# 30 Cube Journal - ADA Style - Lots of pics!



## Sapherion (May 12, 2006)

My latest project in the making - Bedroom 30cm Cube Nano Tank

Chapter 1. Foundation equipment - Tank/Light/Stand

First task was to find a nice size tank that I felt would be a good size. Something not too small but not too big either. I was happy with the Aqua one 30cm cube tank.

Second, was to find a light that would be suitable. I chose a cheap ebay light fixture with 2x 24w compact fluros. This was more than sufficient light for this sized tank.

Third, to find a stand that looked neat and flush with the tank. Results after searching many furniture stores/aquarium shops failed miserably. I then sourced another hobbiest who helped me with this stand.

Here is a few pics of the stand in progress:























































Next task was to find a nice location for this unit. After setting everything up, it was moved upstairs to a bedroom.




























Cabinet opened to show space for canister filter/Co2 Gear etc










Stand has two holes on the side replicated from ADA show stands. They look pretty nifty imo, perfect for the tubing to and from the filters/co2.

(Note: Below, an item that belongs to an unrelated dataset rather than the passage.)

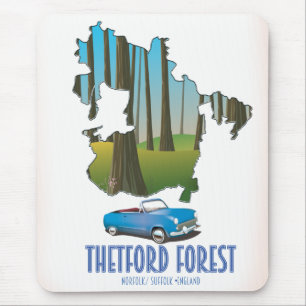 Thetford bos Norfolk Suffolk Engeland kaart Muismat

Light chosen with the 2x 24w 8000k compact fluro lights. They came with 2 switches so light levels could be cut in half easily.




























The light is suspended from stainless steel line atteched to a bent solid steel bar










The height of the stand was made to suit easy access of the inside of the tank without the back pains. A few more pics to finish.



















Hardscape materials boiled, cleaned and dried ready for use:










Next update, Hardscape and ADA equipment. Any comments, critiques welcome.

Cheers,

Saph.


----------



## Paul Higashikawa (Mar 18, 2004)

This must have been a revelation, for I also have recently acquired a 30-C. My only problem was in finding the right lighting. Now that you have posted, I think I will go ahead and set it up! The spin-off ADA stand as well as the arm look great!

Overall set up also look wonderful! Look foward to seeing the actual set up!


----------



## erijnal (Apr 5, 2006)

Man this looks awesome. Thanks for posting the pictures!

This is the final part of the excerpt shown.